Indian government tries to attract foreign capital after foreign funds sold a net worth of US$300M Indian shares in 2011 to date, helping to make the rupee the worst-performing Asian currency this year
December 21, 2011
– The Indian government is trying to attract foreign capital after foreign funds sold a net worth of US$300 million Indian shares in 2011 to date, which contributed to the devaluation of the rupee and helped make it the worst-performing Asian currency of 2011, Reuters reported on Dec. 21.
In 2010, foreign funds invested a record $29 billion in Indian shares.
The rupee, which was the worst performing Asian currency of 2011, fell almost 20% in comparison to the heights that it reached in July.

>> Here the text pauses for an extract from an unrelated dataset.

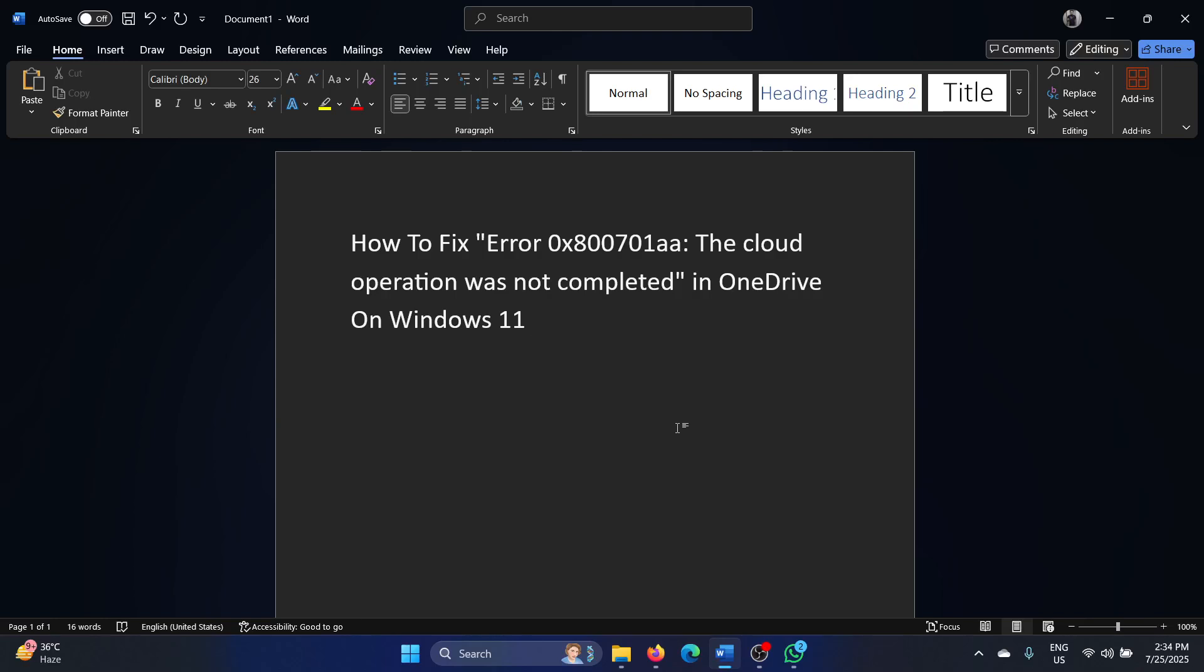Hey friends, if you wish to fix error 0x800701aa: The cloud operation was not completed in OneDrive on your Windows 11 computer, then please watch this video. I will guide you to the resolutions.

Moody’s Corp., which announced that it had combined India’s foreign and local currency bond ratings at Baa3, reported that India’s ratings were stable.
"We are looking at all options to attract capital inflows... what is happening right now is a temporary phenomenon," said an unidentified official.
"We believe Moody's action will make other rating agencies examine their methodology and look at India positively. India deserves at least two notches rating upgrade.”
He added that, in an effort to make bonds more appealing for foreign investors, the government was considering reducing some infrastructure bonds’ lock-in period from three years to one year as well their residual maturity.
The official also said that the government is confident that, over the long term, India would able to attract a healthy flow of funding from foreign institutional investors.
In December, the Indian government revised its earlier estimate that the Indian economy would grow by 9% during the fiscal year that will end next March to a projected growth rate of 7.25%-7.75%.
The primary source of this article is Reuters, London, England, on Dec. 21, 2011.